Note that green tomatoes can also be canned plain, on their own, as you would whole or crushed tomatoes. At the start to its plain tomato product canning section, the USDA Complete Guide to Home Canning says:
Green tomatoes are more acidic than ripened fruit and can be canned safely with any of the following recommendations.” United States Department of Agriculture (USDA). Complete guide to home canning. Agriculture information bulletin No. 539. 2015. Page 3-5
For canning green tomatoes in a jar on their own, however, the University of Wisconsin adds this advisory note:
Do not ripen green tomatoes indoors for canning, the proper acidity may not develop.

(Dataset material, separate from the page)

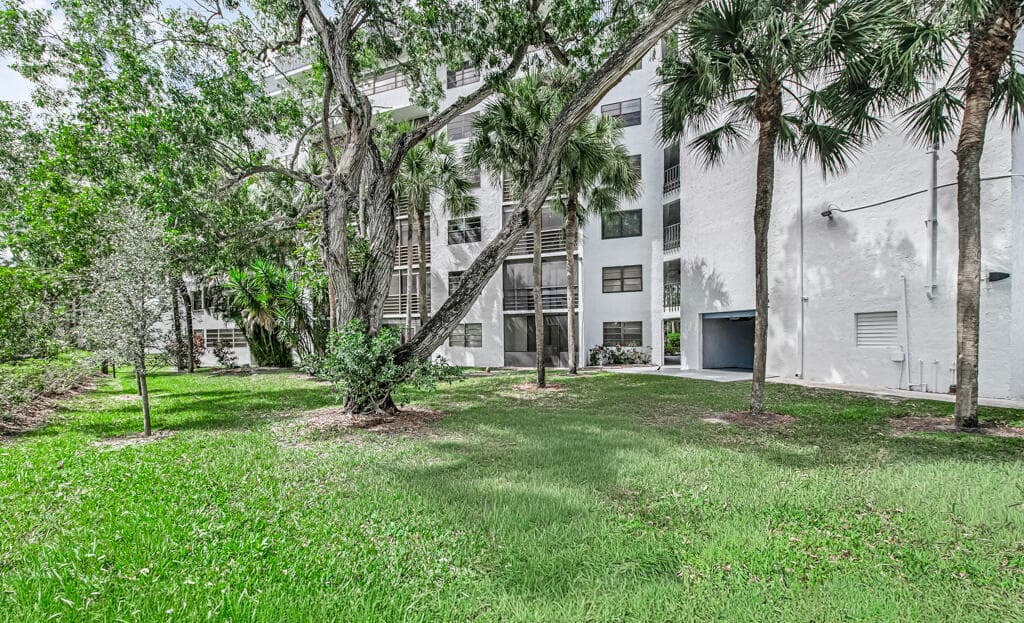 4640 Lucerne Lakes Boulevard 206, Lake Worth, FL 33467 31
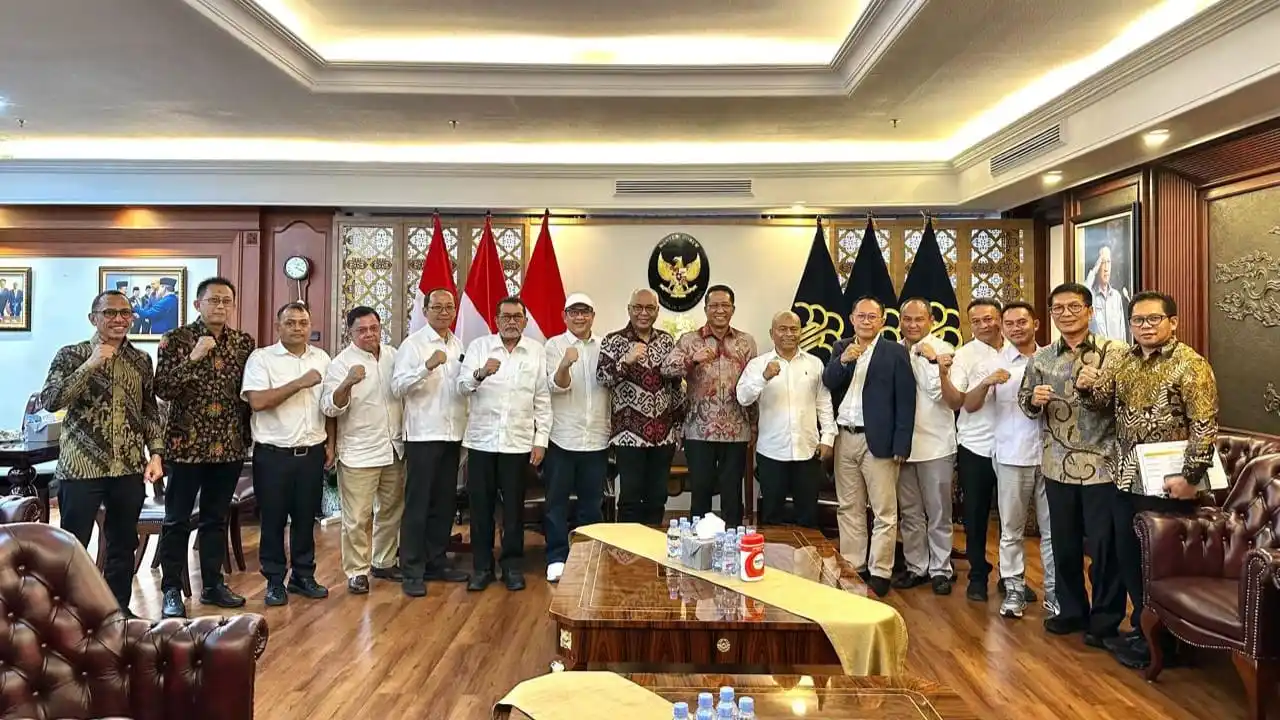 PWI Kembali Terdaftar di Kemenkum, Akses AHU Sangat Cepat dan Mudah Organisasi Persatuan Wartawan Indonesia (PWI) resmi kembali terdaftar di Kementerian Hukum (Kemenkum) RI dengan Nomor AHU-0001616.AH.01.08. Tahun 2025.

Instead, harvest green tomatoes from late season or frost-damaged vines and use these green tomatoes in a relish or salsa.” Ingham, Barbara. Take Steps to Ensure a Healthy Harvest. University of Wisconsin-Madison. Page 1.
So rather than trying to ripen green tomatoes indoors off the vine to some shade of pink or red, and then treating them as “regular tomatoes”, you should use them as green tomatoes in a condiment recipe, where tons of acidity is added naturally anyway for the recipe.
Green tomatoes — firm and acidic
Some home canning recipes for green tomatoes may rely on them for their firm, “dry” texture. They aren’t very juicy or watery. Rather than going into a “mush” as ripe tomatoes will when chopped, green tomatoes chop up instead into a fine, firm dice, like cucumbers. This makes them useful for things such as Green Tomato Relish.
Others recipes may rely on them for their high acidity to make that recipe safe — recipes such as Kosher Dilled Tomatoes, which uses a weak brine, certainly relies on the green tomatoes having their own natural high acidity to keep the recipe safe.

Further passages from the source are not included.